■ **Your objective**: After finding the line with "1ベッドルームアパートメント, H On Mitchell Apartment" in the entries below, retype exactly each line from there through the line with "Samsung monitor led", including that final line.

■ **Excerpted records**:
------------------------------------------------
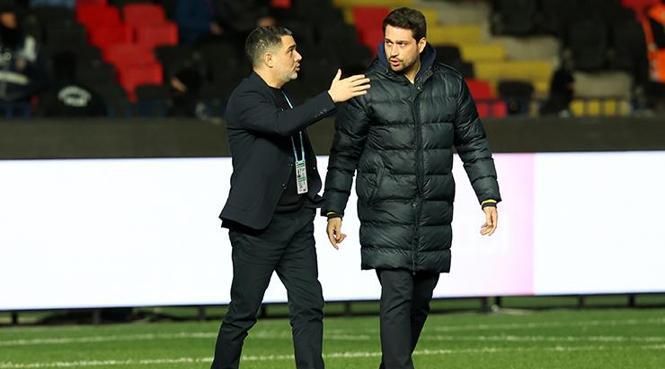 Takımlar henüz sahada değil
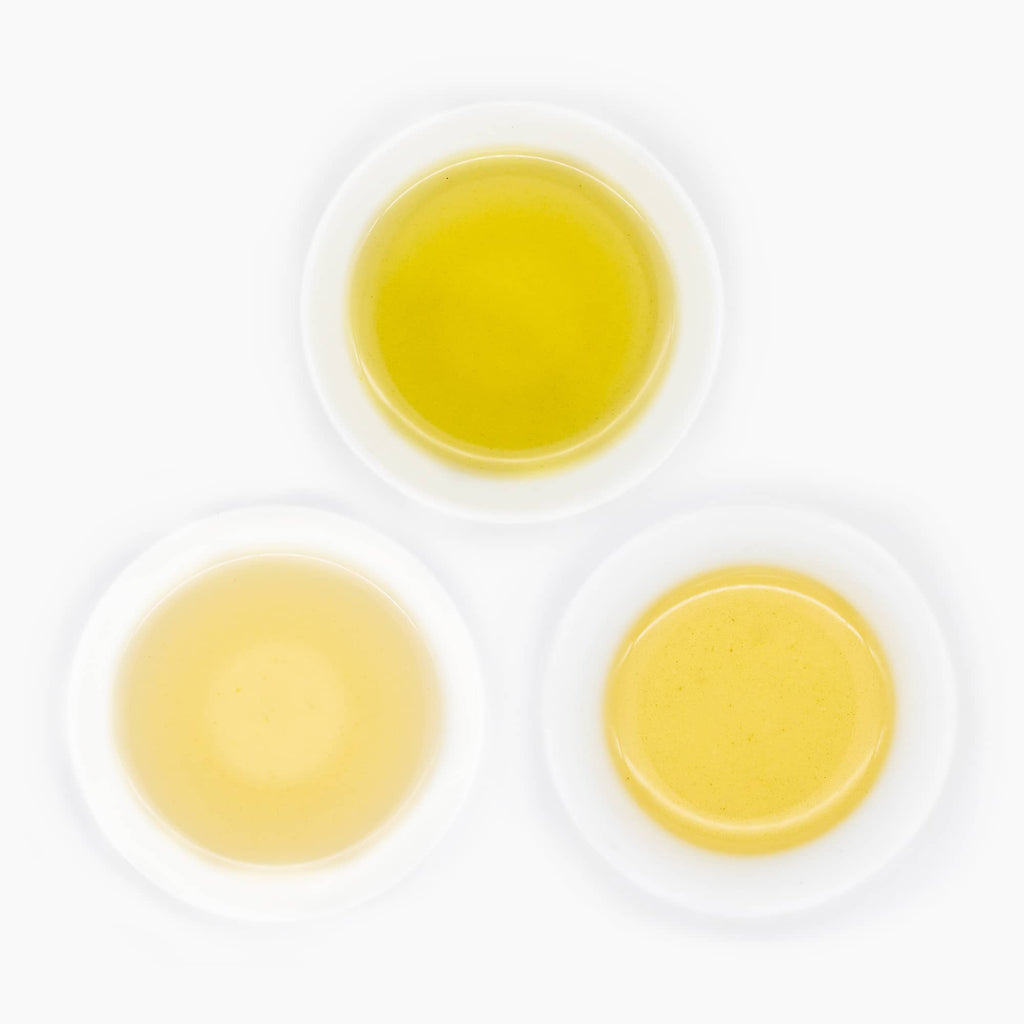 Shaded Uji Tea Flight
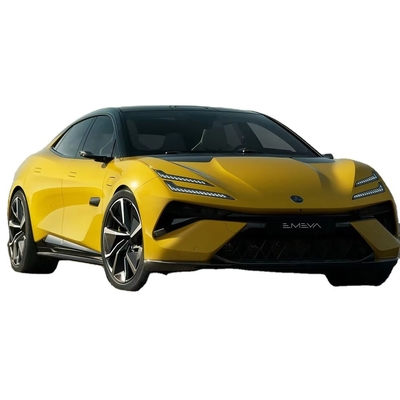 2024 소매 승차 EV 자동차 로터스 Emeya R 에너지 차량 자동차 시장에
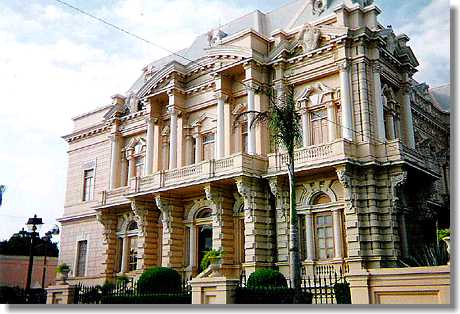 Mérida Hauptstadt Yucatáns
------------------------------------------------
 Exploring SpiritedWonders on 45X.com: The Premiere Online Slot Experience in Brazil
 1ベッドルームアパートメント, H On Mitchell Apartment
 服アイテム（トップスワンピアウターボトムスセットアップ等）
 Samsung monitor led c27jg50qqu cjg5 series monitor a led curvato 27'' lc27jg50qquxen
------------------------------------------------
■ **Reply**:
 1ベッドルームアパートメント, H On Mitchell Apartment
 服アイテム（トップスワンピアウターボトムスセットアップ等）
 Samsung monitor led c27jg50qqu cjg5 series monitor a led curvato 27'' lc27jg50qquxen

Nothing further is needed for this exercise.